Well-drafted rent review provisions should set out the review dates, the rent review process, the valuation formula and a dispute resolution procedure.
For a landlord, the primary purpose of service charge provisions is to ensure it receives a “clear” rent. This means that the landlord can keep the whole of the rent (subject to tax) and is not obliged to spend any part of it on the maintenance and other expenses of the building. The landlord, therefore, wants all expenses to be paid by the tenant. This will help to protect the capital value of its reversion.
A tenant’s main concern will be to minimise its financial liability by ensuring that it only contributes towards necessary expenditure. Drafting a service charge provision should therefore be a balancing exercise, looking to protect the landlord’s interest while remaining fair to the tenant(s).

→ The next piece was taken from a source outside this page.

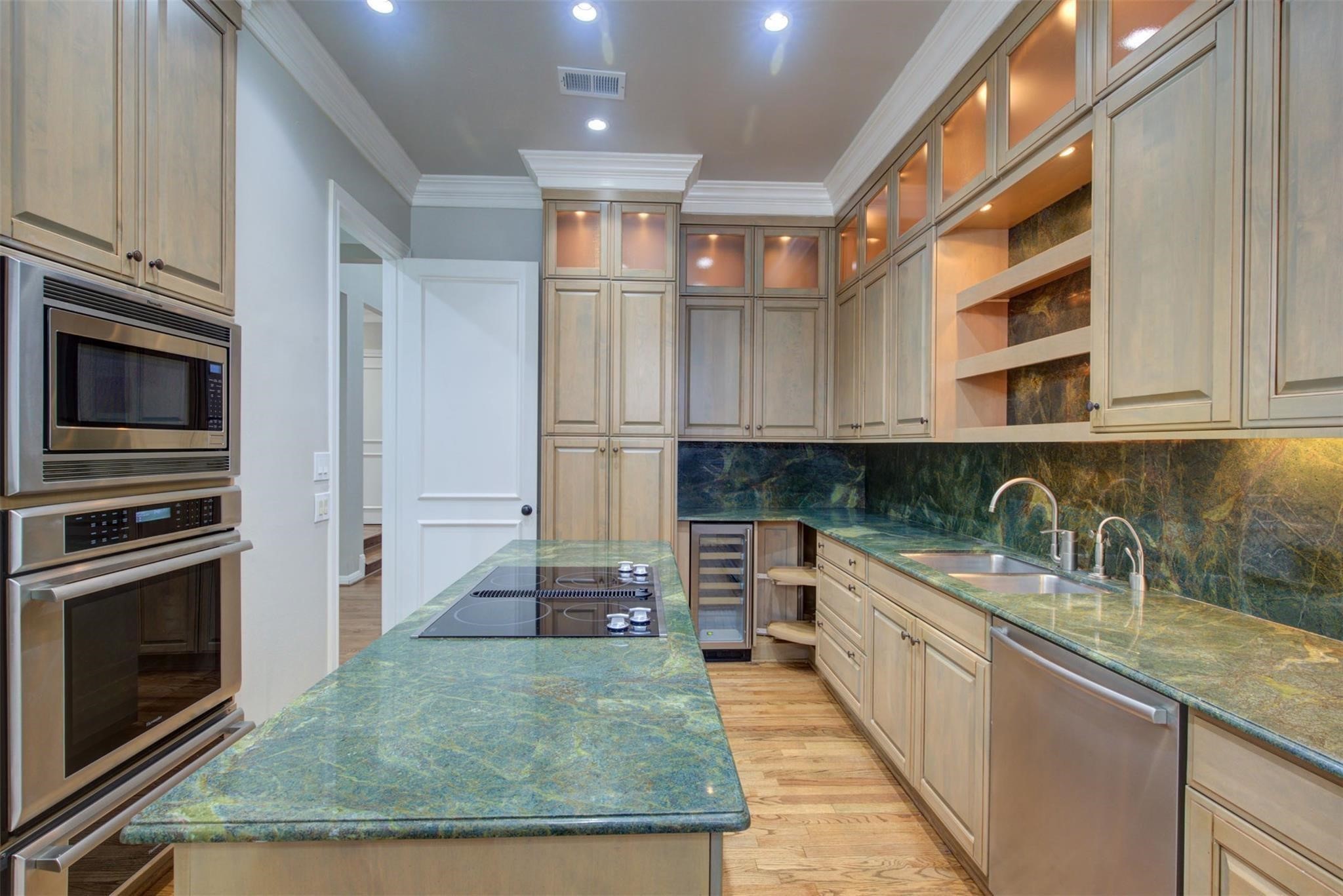 1107 Milford Street Houston TX 77006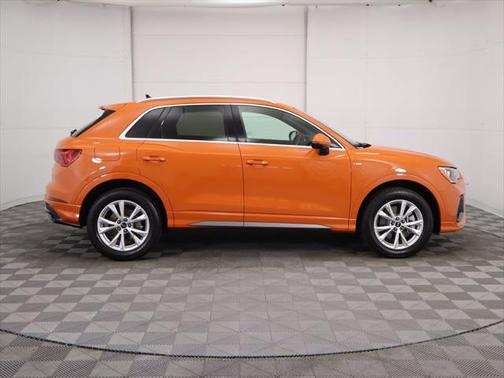 2022 Audi Q3 45 S line Premium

Unlike residential service charges, there is currently no statutory regulation of service charges in commercial leases, apart from the RICS 2018 Professional Statement, Service charges in commercial property (1st edition) (RICS Professional Statement) which is binding on RICS members and regulated firms only. In general, therefore, the parties are free to negotiate whatever service charge provisions they want.
In a commercial lease at a rack rent it is usual for the insurance obligation to fall on the landlord. The landlord is the party with a capital interest in the property that it wants to protect and it will often be best placed to assess the appropriate level of insurance cover. Even in a lease of whole, the tenant will not want to take on the responsibility (and administrative burden) of insuring and reinstating insured damage, or to bear the risk of inadequate insurance.
The tenant will reimburse to the landlord all monies incurred by the landlord in insuring the premises.